Bank of Canada Makes Fourth Consecutive Rate Cut

  • In October, Canada’s Central Bank reduced interest rates to 3.75% from 4.25%—the fourth consecutive cut since June. The last time the Bank of Canada cut rates by 50 basis points at a scheduled meeting was in March 2020.
  • The central bank said it sees the neutral rate—the point at which monetary policy is accelerating growth—as being between 2.25% and 3.25%.
  • The Canadian economy was flat in August, with estimates showing Canada’s gross domestic product rebounded in September with 0.3% growth.
  • Early forecasts show Canada’s GDP grew at an annualized rate of 1% in the third quarter, weaker than the 1.5% growth the Bank of Canada projected.
  • The inflation rate slowed to 2.3% on a year-over-year basis in September, which was unchanged from August.
  • The consumer price index rose 1.6% year-over-year in September, down from 2% in August. This represents the smallest yearly increase since February 2021 (+1.1%). It was mainly driven by lower year-over-year prices for gasoline (-10.7%).

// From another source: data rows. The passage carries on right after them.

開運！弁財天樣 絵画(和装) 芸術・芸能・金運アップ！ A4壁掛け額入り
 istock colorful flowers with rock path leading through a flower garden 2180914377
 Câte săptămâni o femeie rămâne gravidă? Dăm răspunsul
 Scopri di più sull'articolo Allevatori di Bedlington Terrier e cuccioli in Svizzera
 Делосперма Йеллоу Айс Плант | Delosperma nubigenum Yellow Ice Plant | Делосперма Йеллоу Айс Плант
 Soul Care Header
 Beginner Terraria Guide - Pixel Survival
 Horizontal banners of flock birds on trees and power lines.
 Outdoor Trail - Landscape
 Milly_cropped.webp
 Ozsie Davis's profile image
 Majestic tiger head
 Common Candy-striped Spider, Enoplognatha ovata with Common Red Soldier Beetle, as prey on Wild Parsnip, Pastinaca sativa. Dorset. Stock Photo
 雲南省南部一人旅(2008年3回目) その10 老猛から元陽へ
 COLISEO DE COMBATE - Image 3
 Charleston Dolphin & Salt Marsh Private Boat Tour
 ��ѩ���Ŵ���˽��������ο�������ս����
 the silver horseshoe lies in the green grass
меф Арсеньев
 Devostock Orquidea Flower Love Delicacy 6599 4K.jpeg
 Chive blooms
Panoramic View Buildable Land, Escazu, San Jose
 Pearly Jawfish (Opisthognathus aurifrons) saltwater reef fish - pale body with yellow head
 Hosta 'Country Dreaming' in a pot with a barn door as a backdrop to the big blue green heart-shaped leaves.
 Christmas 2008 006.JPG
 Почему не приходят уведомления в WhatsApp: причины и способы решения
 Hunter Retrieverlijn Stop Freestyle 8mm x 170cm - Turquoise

Sources: Reuters, CBC, Statistics Canada, Statista

Will Further Rate Cuts Speed Up Growth in Q4?

  • Canada's economy is performing slightly better than economists forecasted a quarter ago. But growth remains slow. S&P Global expects GDP to increase by 1.2% in 2024 before rising to 2.0% in 2025.
  • The unemployment rate is likely to climb through the fourth quarter before reversing course next year when growth picks up. S&P Global believes core inflation will fall to 2% by mid-2025.
  • The Bank of Canada will likely reduce interest rates to 2.50% in 2025, S&P Global says. The bank may begin with larger rate cuts of 50 basis points in the next few meetings before moving forward with smaller ones.

Jim Dimovski

Senior Vice President & Executive Partner

“We are seeing some early, positive signs of economic recovery in Canada to close out 2024, propelled by increased demand for contract talent across finance, accounting, and technology. We’re also beginning to see organizations re-prioritize critical projects to address key operational goals that were delayed due to the longer than anticipated economic downturn.

To bring these projects to life, companies are increasingly turning to outsourcing and managed services solutions, particularly in accounts receivable, accounts payable, and payroll functions to help support immediate staffing needs and provide real-time scalability as the economy continues to strengthen. By leveraging these solutions, businesses will better position themselves for long-term success in a competitive talent market.”